The concert, to this day, is the most fun I’ve had a show, but it could have been ruined had we stayed behind the Billboard in front of us for the entirety of the performance. This Billboard held up a sign for thirty minutes (until we naturally shifted away), requesting if he could play “My Hero” on the drums. 

Now, the Foo Fighters are notorious for inviting fans on stage to play songs, and sometimes they are incredible. Normally, that’s reserved for “Monkeywrench” or some cover songs. If it’s a meaningful, smash-hit like “My Hero,” everyone would much rather watch Taylor Hawkins, one of the greatest active drummers, play the song. Sorry, dude.  

Again, signs can lead to touching moments, like the aforementioned Garth Brooks show. If your sign provides value and meaning, please bring it along. Moments like the Garth Brooks show, or this one with Eddie Vedder and a fan, are special and wholesome. 
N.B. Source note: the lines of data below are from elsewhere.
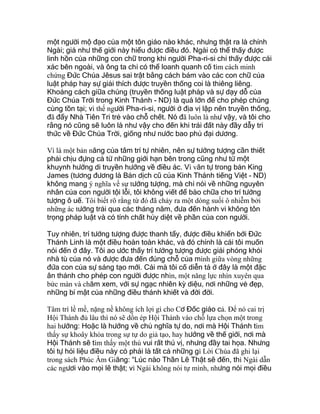 một người mộ đạo của một tôn giáo nào khác, nhưng thật ra là chính
Ngài; giá như thế giới này hiểu được điều đó. Ngài có thể thấy được
linh hồn của những con chữ trong khi người Pha-ri-si chỉ thấy được cái
xác bên ngoài, và ông ta chỉ có thể loanh quanh cố tìm cách minh
chứng Đức Chúa Jêsus sai trật bằng cách bám vào các con chữ của
luật pháp hay sự giải thích được truyền thống coi là thiêng liêng.
Khoảng cách giữa chúng (truyền thống luật pháp và sự dạy dỗ của
Đức Chúa Trời trong Kinh Thánh - ND) là quá lớn để cho phép chúng
cùng tồn tại; vì thế người Pha-ri-si, người ở địa vị lập nên truyền thống,
đã đẩy Nhà Tiên Tri trẻ vào chỗ chết. Nó đã luôn là như vậy, và tôi cho
rằng nó cũng sẽ luôn là như vậy cho đến khi trái đất này đầy dẫy tri
thức về Đức Chúa Trời, giống như nước bao phủ đại dương.
Vì là một bản năng của tâm trí tự nhiên, nên sự tưởng tượng cần thiết
phải chịu đựng cả từ những giới hạn bên trong cũng như từ một
khuynh hướng di truyền hướng về điều ác. Vì văn tự trong bản King
James (tương đương là Bản dịch cũ của Kinh Thánh tiếng Việt - ND)
không mang ý nghĩa về sự tưởng tượng, mà chỉ nói về những nguyên
nhân của con người tội lỗi, tôi không viết để bào chữa cho trí tưởng
tượng ô uế. Tôi biết rõ rằng từ đó đã chảy ra một dòng suối ô nhiễm bởi
những ác tưởng trải qua các tháng năm, đưa đến hành vi không tôn
trọng pháp luật và có tính chất hủy diệt về phần của con người.
Tuy nhiên, trí tưởng tượng được thanh tẩy, được điều khiển bởi Đức
Thánh Linh là một điều hoàn toàn khác, và đó chính là cái tôi muốn
nói đến ở đây. Tôi ao ước thấy trí tưởng tượng được giải phóng khỏi
nhà tù của nó và được đưa đến đúng chỗ của mình giữa vòng những
đứa con của sự sáng tạo mới. Cái mà tôi cố diễn tả ở đây là một đặc
ân thánh cho phép con người được nhìn, một năng lực nhìn xuyên qua
bức màn và chăm xem, với sự ngạc nhiên kỳ diệu, nơi những vẻ đẹp,
những bí mật của những điều thánh khiết và đời đời.
Tâm trí lề mề, nặng nề không ích lợi gì cho Cơ Đốc giáo cả. Để nó cai trị
Hội Thánh đủ lâu thì nó sẽ dồn ép Hội Thánh vào chỗ lựa chọn một trong
hai hướng: Hoặc là hướng về chủ nghĩa tự do, nơi mà Hội Thánh tìm
thấy sự khoây khỏa trong sự tự do giả tạo, hay hướng về thế giới, nơi mà
Hội Thánh sẽ tìm thấy một thú vui rất thú vị, nhưng đầy tai họa. Nhưng
tôi tự hỏi liệu điều này có phải là tất cả những gì Lời Chúa đã ghi lại
trong sách Phúc Âm Giăng: “Lúc nào Thần Lẽ Thật sẽ đến, thì Ngài dẫn
các ngươi vào mọi lẽ thật; vì Ngài không nói tự mình, nhưng nói mọi điều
If your sign is a request to slap the bass during a hit, and you’re NOT an adorable little kid, then please keep it at home. 


This concludes my 4,000 word Ted Talk on not being a dick at a concert. 

It is fine to take pictures, get drunk, and dance at shows, but please do so in moderation. People pay good money to see their favorite bands. Don’t be the Drunken Oaf that ruins it for them.